[Task directions]:
Omit the pictures and retype only the lines from the one containing "c1910 Greetings From" through the end of the listing, both ends included.

[Data records]:

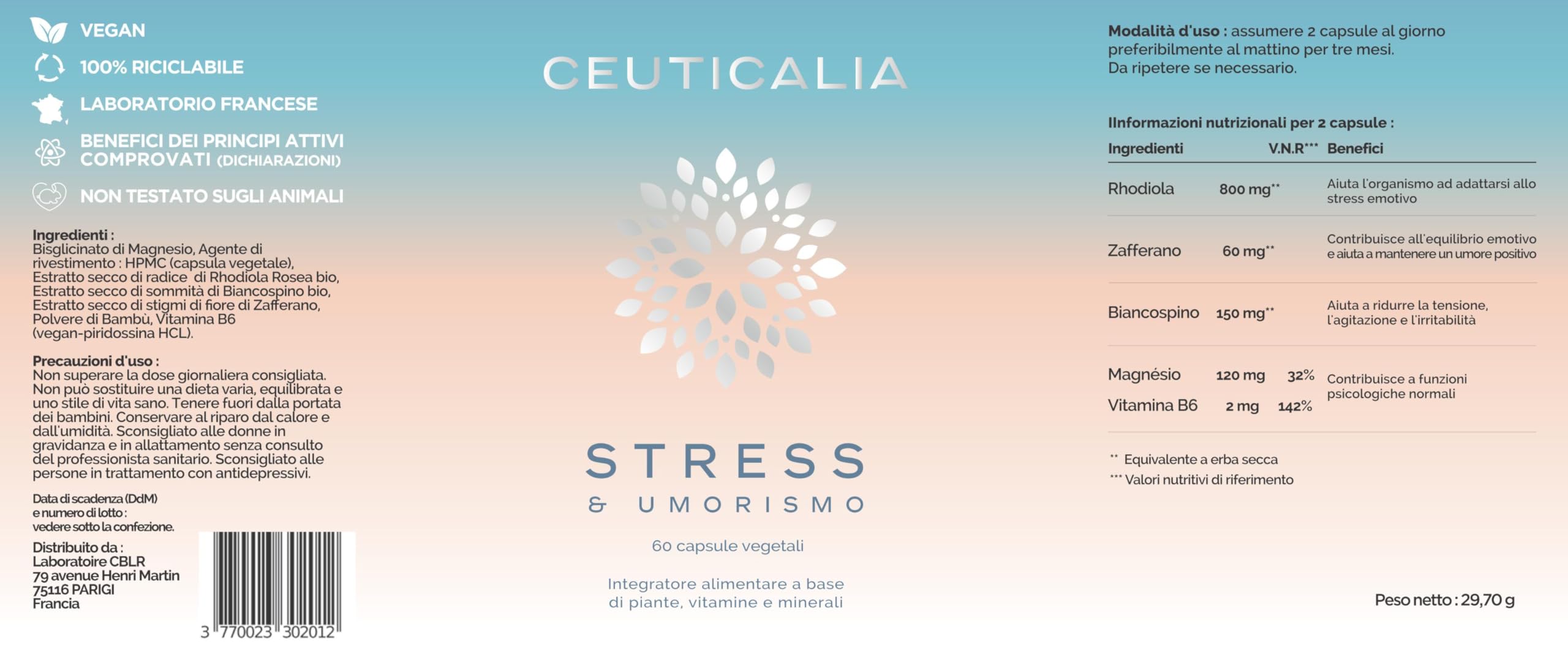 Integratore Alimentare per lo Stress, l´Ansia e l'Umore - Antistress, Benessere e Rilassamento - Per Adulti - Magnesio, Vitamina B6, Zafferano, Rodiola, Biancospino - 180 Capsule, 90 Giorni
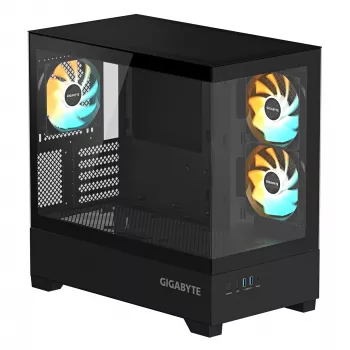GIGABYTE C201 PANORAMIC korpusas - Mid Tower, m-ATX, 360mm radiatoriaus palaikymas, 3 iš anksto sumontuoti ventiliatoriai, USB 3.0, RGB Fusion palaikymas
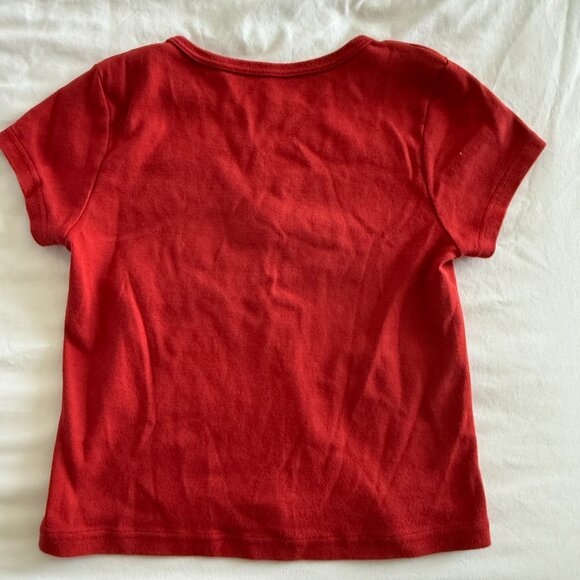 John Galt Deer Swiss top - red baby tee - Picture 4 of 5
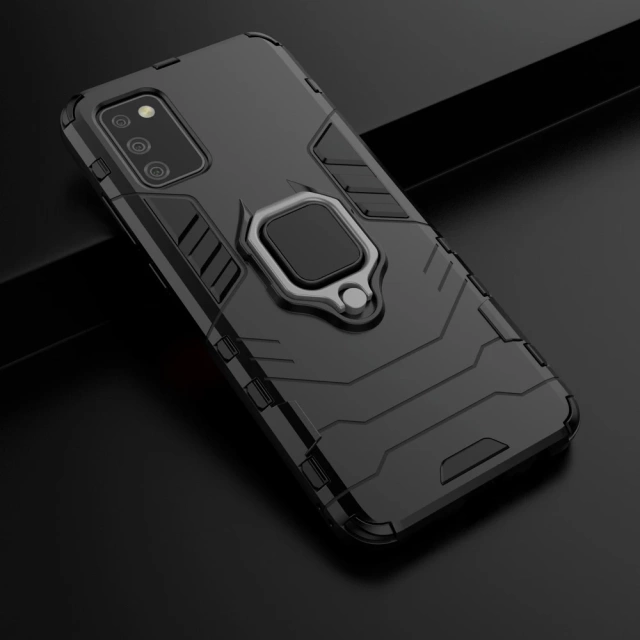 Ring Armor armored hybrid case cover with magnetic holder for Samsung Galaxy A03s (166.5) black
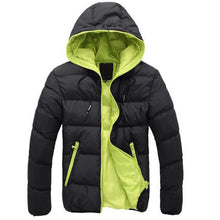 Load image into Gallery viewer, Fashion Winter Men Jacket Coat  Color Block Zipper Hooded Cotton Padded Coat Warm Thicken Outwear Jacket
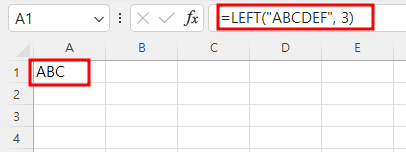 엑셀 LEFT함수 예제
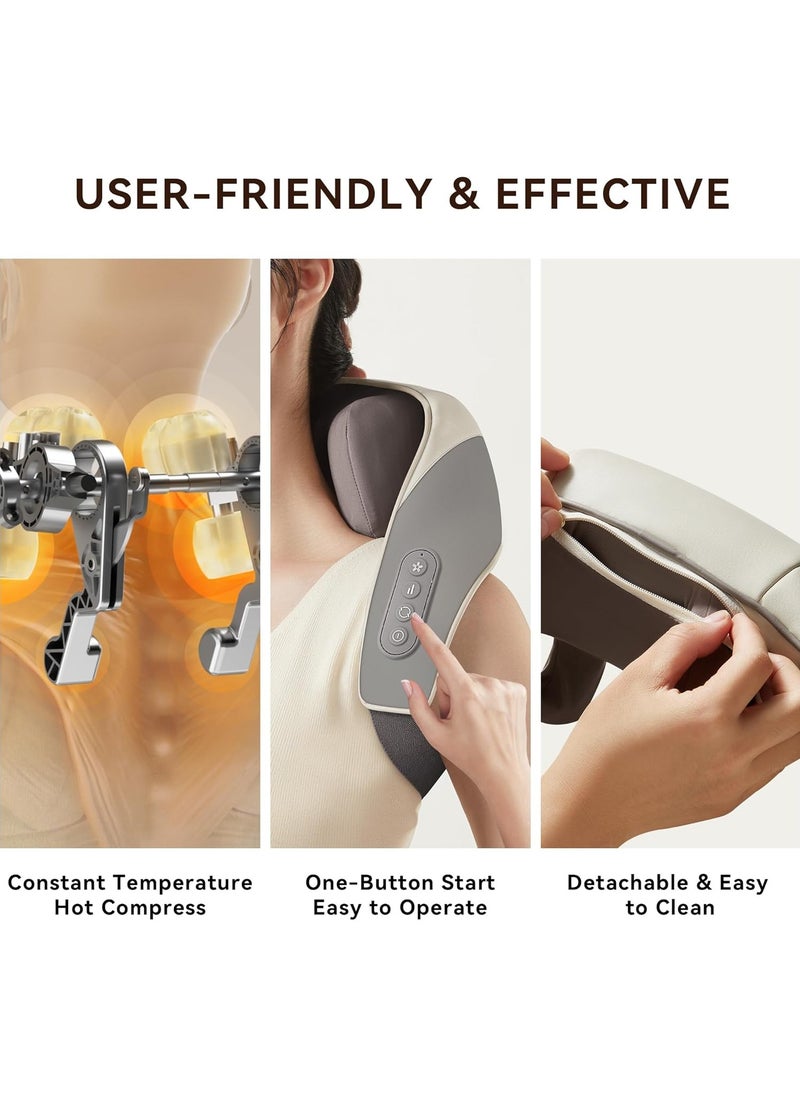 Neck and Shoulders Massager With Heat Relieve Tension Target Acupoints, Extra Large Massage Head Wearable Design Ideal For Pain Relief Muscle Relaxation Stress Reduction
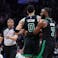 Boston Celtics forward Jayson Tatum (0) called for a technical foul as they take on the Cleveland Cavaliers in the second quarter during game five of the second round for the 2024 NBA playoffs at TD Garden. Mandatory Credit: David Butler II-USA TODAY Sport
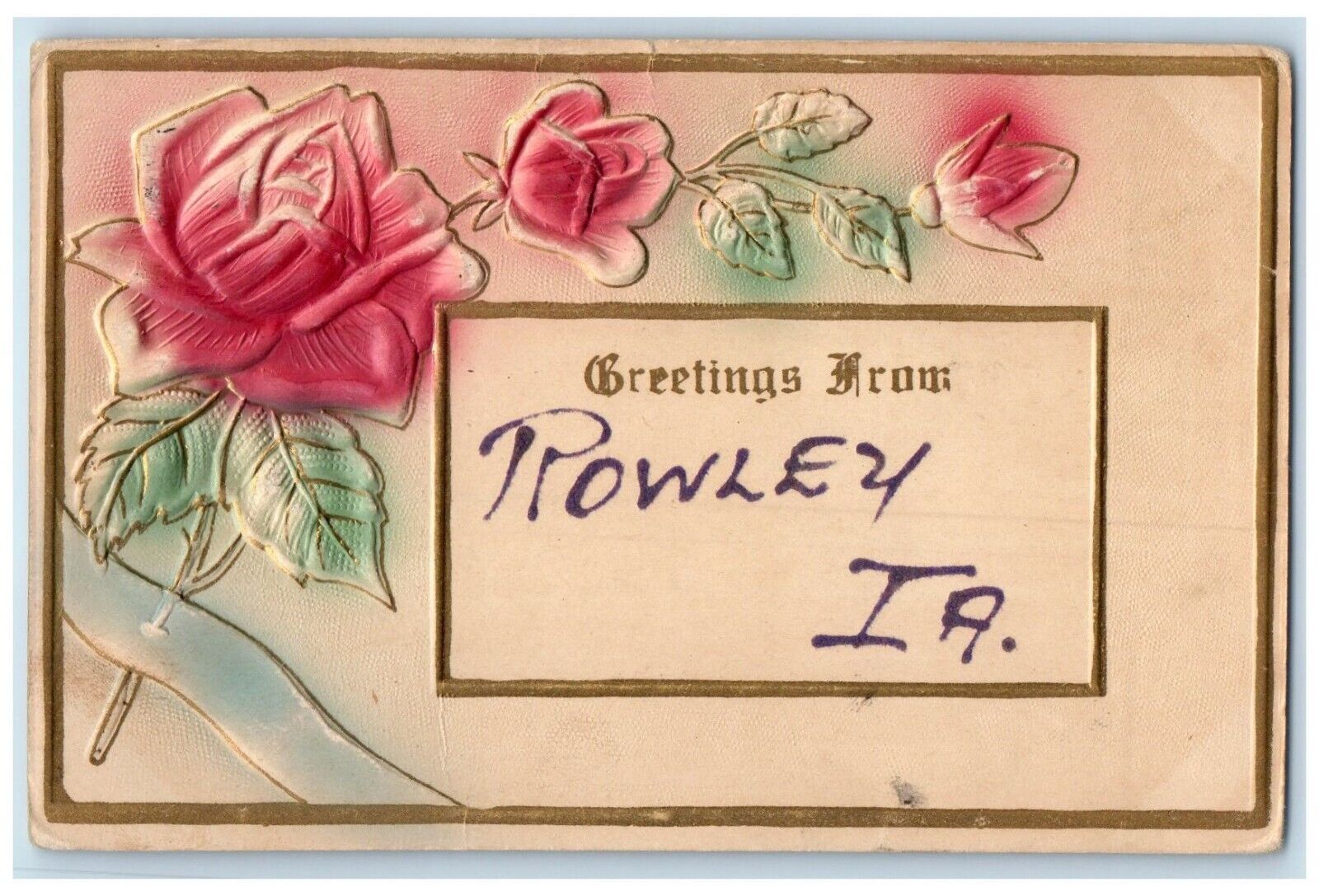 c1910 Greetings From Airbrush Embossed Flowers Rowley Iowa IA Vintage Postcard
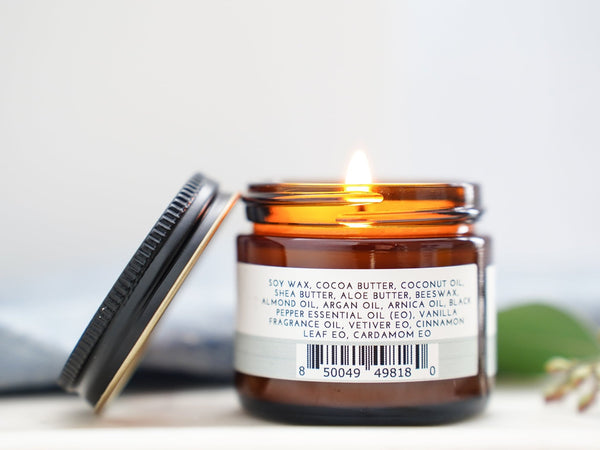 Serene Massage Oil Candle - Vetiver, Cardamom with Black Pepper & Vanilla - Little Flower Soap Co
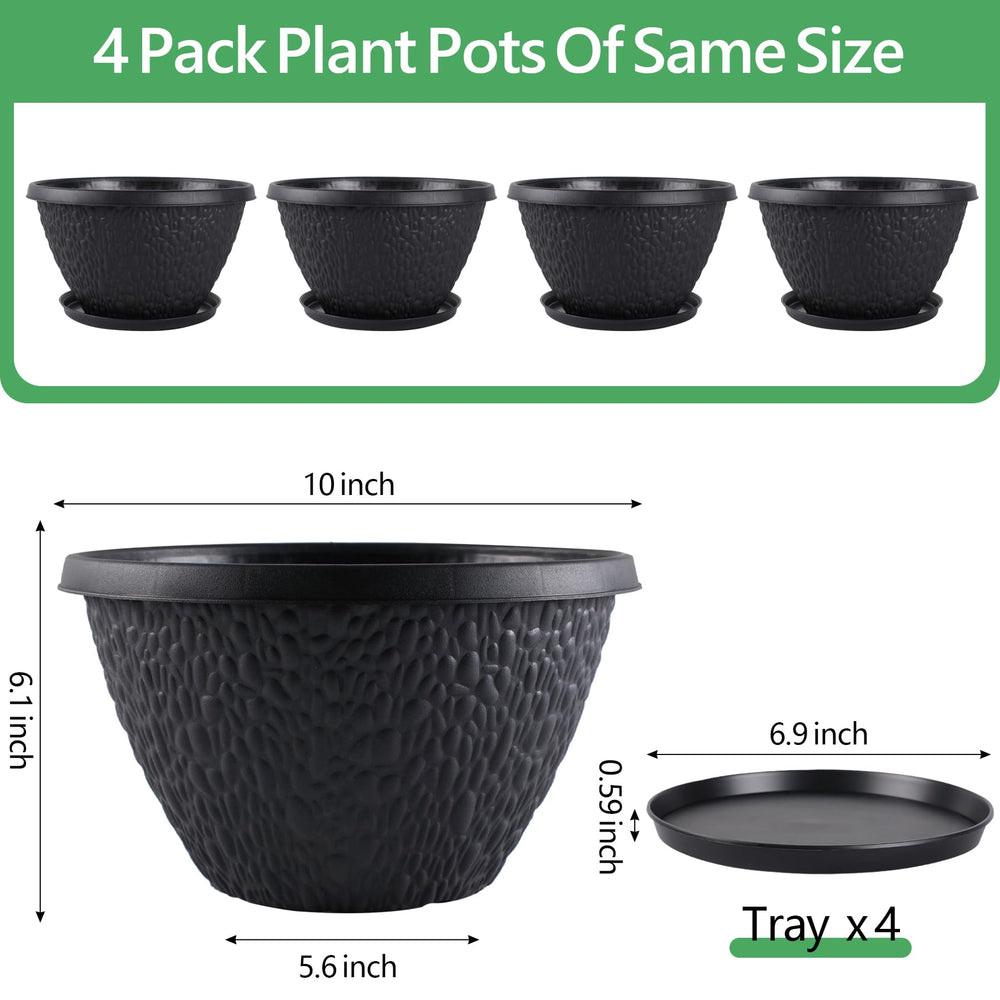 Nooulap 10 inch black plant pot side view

[Exercise output]:
 c1910 Greetings From Airbrush Embossed Flowers Rowley Iowa IA Vintage Postcard
 Serene Massage Oil Candle - Vetiver, Cardamom with Black Pepper & Vanilla - Little Flower Soap Co
 Nooulap 10 inch black plant pot side view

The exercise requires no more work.